## Problem to solve
Without pictures, output exactly the lines running from the line containing "Their Forbidden Love Their" to the end of the listing below.

BEGIN Records shown

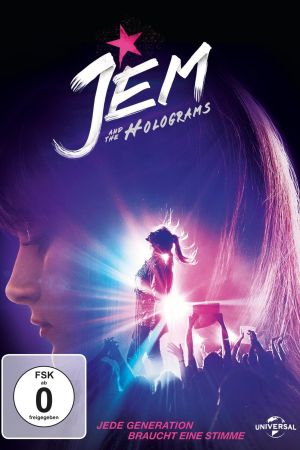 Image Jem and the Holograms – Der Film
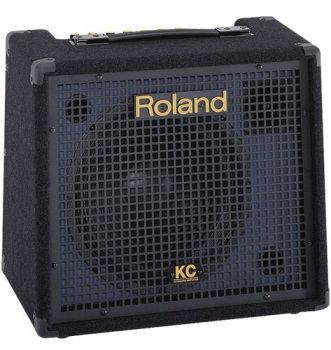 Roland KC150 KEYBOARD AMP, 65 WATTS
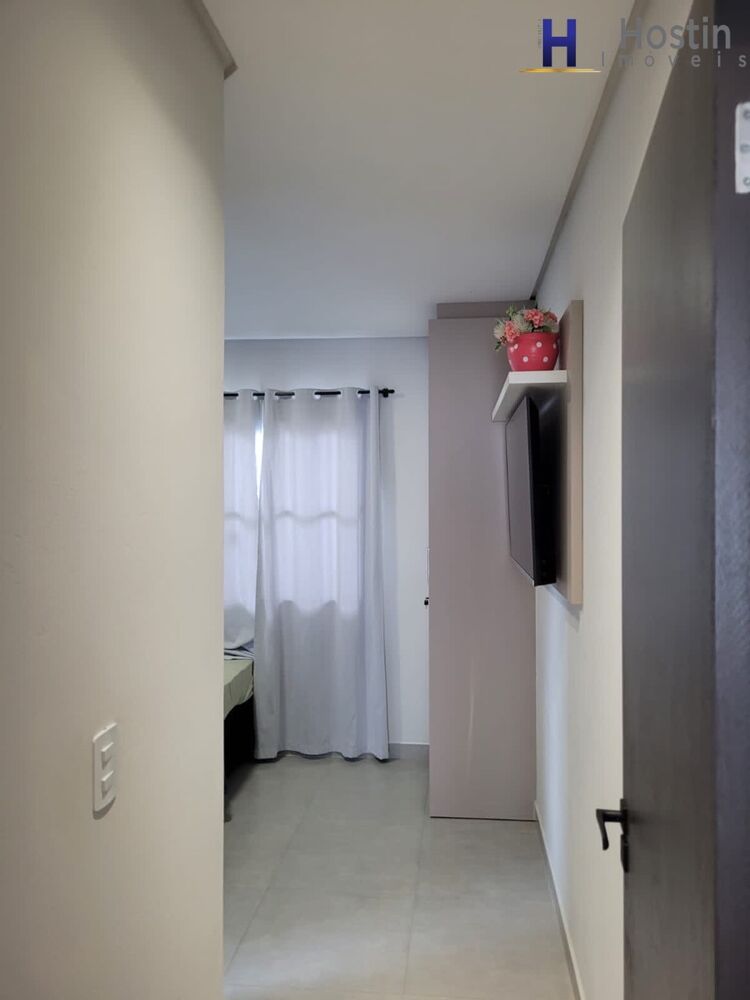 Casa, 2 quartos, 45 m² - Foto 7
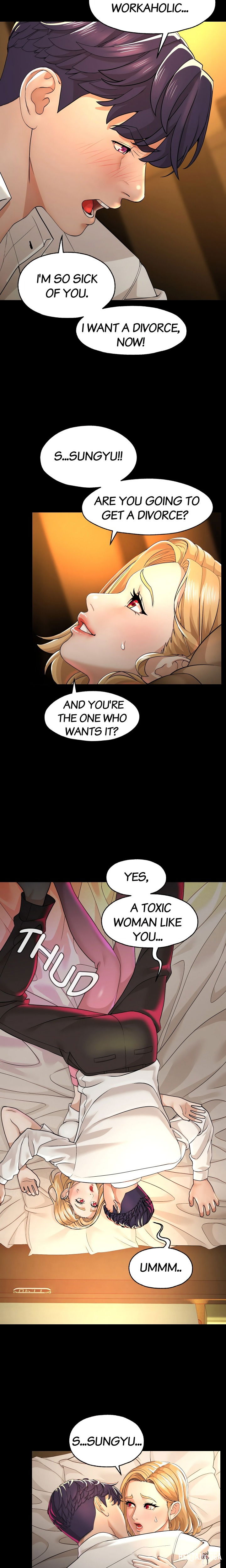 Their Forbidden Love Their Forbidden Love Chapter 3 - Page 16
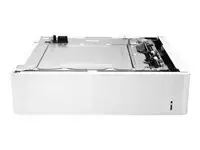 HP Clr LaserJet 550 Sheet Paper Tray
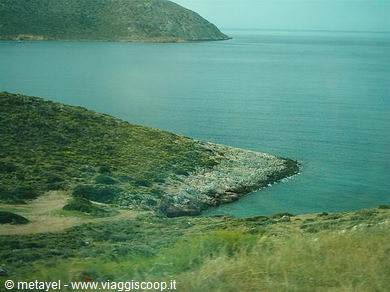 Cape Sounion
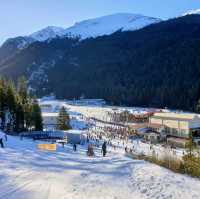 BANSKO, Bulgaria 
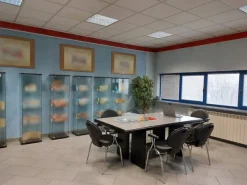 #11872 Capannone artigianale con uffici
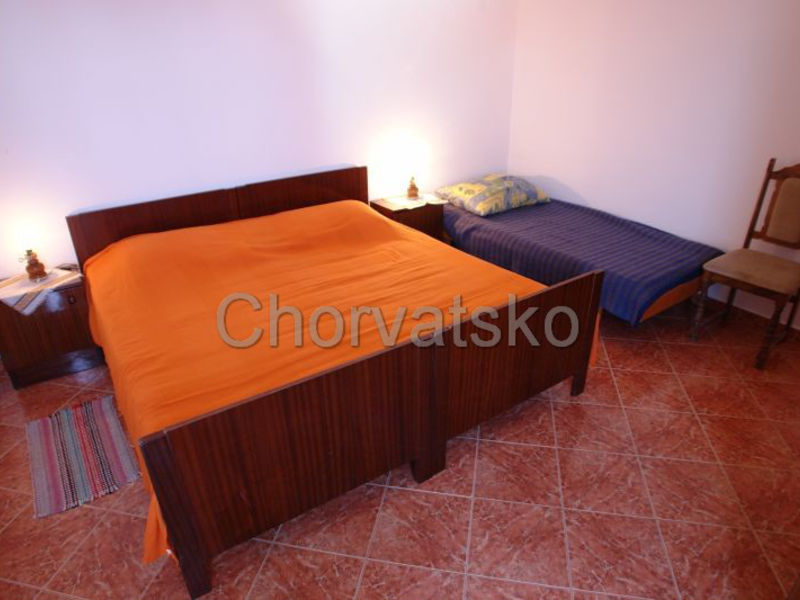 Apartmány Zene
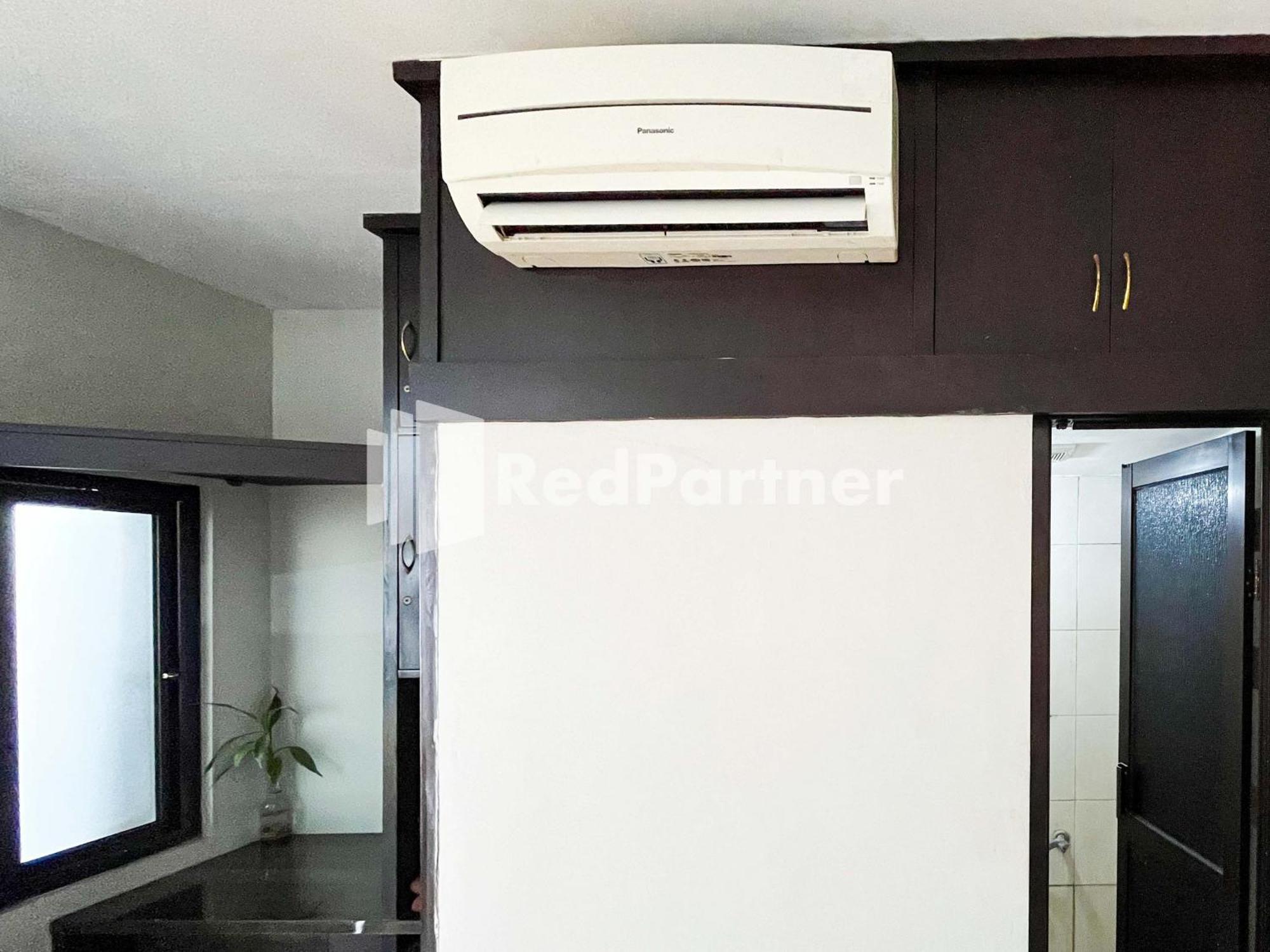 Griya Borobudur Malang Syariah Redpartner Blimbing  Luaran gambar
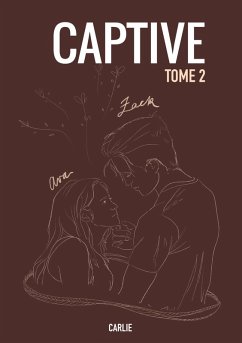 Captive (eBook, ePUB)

END Records shown

## Solved exercise
 Their Forbidden Love Their Forbidden Love Chapter 3 - Page 16
 HP Clr LaserJet 550 Sheet Paper Tray
 Cape Sounion
 BANSKO, Bulgaria 
 #11872 Capannone artigianale con uffici
 Apartmány Zene
 Griya Borobudur Malang Syariah Redpartner Blimbing  Luaran gambar
 Captive (eBook, ePUB)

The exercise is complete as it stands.